Ugandan politician (born 1973)

Godfrey Ssuubi Kiwanda is a Ugandan politician. He was appointed as the State Minister for Tourism in the Ugandan Cabinet on 6 June 2016. He concurrently served as the elected representative of Mityana County North, Mityana District in the 10th Ugandan Parliament from 2016 to 2021.

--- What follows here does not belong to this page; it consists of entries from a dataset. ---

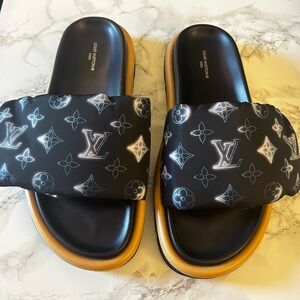 Louis Vuitton Pool Pillow Comfort Mule Size 40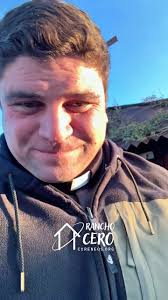 “Para algunos será un simple contenedor. Para nosotros, es un sueño hecho  realidad”. , Hoy esta familia dejó atrás la humedad del rancho, el piso de  barro, el frío que cala. Y recibió un hogar ...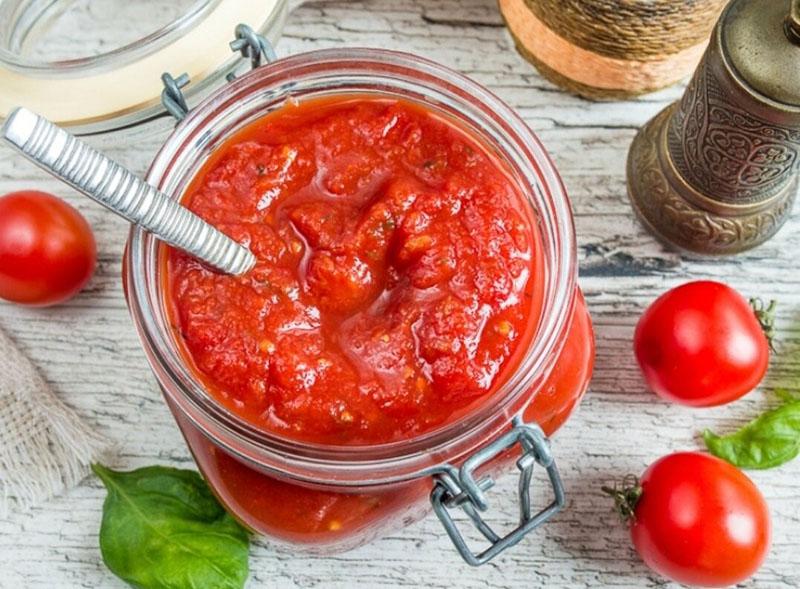 paradajková pasta doma cez mlynček na mäso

==Background and education==
Kiwanda was born in present-day Mityana District, on 1 August 1973. He attended St. Joseph Busunju Primary School, obtaining the Primary Leaving Certificate in 1989. He transferred to	St. Francis Senior Secondary School, Busunju where he completed both middle and high school. He received his High School Diploma in 1996. He continued his studies at Makerere University, Uganda's oldest and largest public university, graduating in 2000 with a Bachelor of Arts degree.

==Career==
Kiwanda was first elected to Uganda's parliament in 2001, representing Mityana North Constituency, serving in that capacity until 2006. From 2007 until 2010, he served as the Resident District Commissioner (RDC) of Kaabong District, in the Karamoja sub-region.

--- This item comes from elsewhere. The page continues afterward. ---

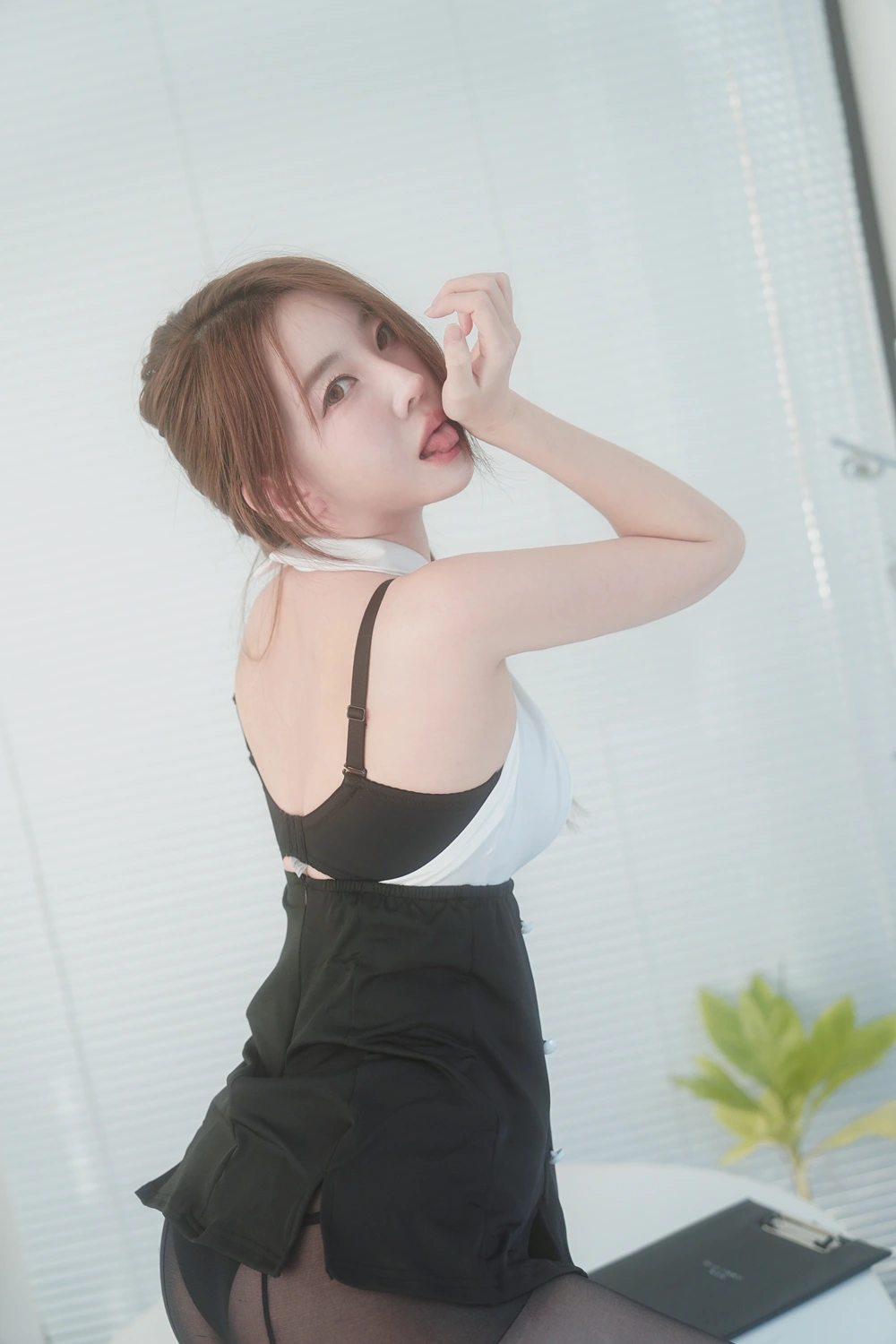 Dohee 도희, Photobook 「Sexy Office」 Set.02の写真 22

In 2011, he bounced back into parliament on the National Resistance Movement (NRM) political party ticket. He was re-elected in 2016. In June of that year, he was appointed as State Minister for Tourism in the Cabinet of Uganda.

==Other considerations==
During the run-up to the 2021 presidential and parliamentary elections, Godfrey Kiwanda withdrew his name from the 2021 parliamentary race in his constituency, just before the NRM party primaries in August 2020. That left Muhamad Kibedi Nsegumire, as the sole NRM representative in the upcoming 14 January 2021 general election.

Kiwanda was elected by the Central Executive Committee (CEC), the supreme organ of the NRM, as the Party's Vice President for the Central Region of Uganda for the term 2021 to 2026.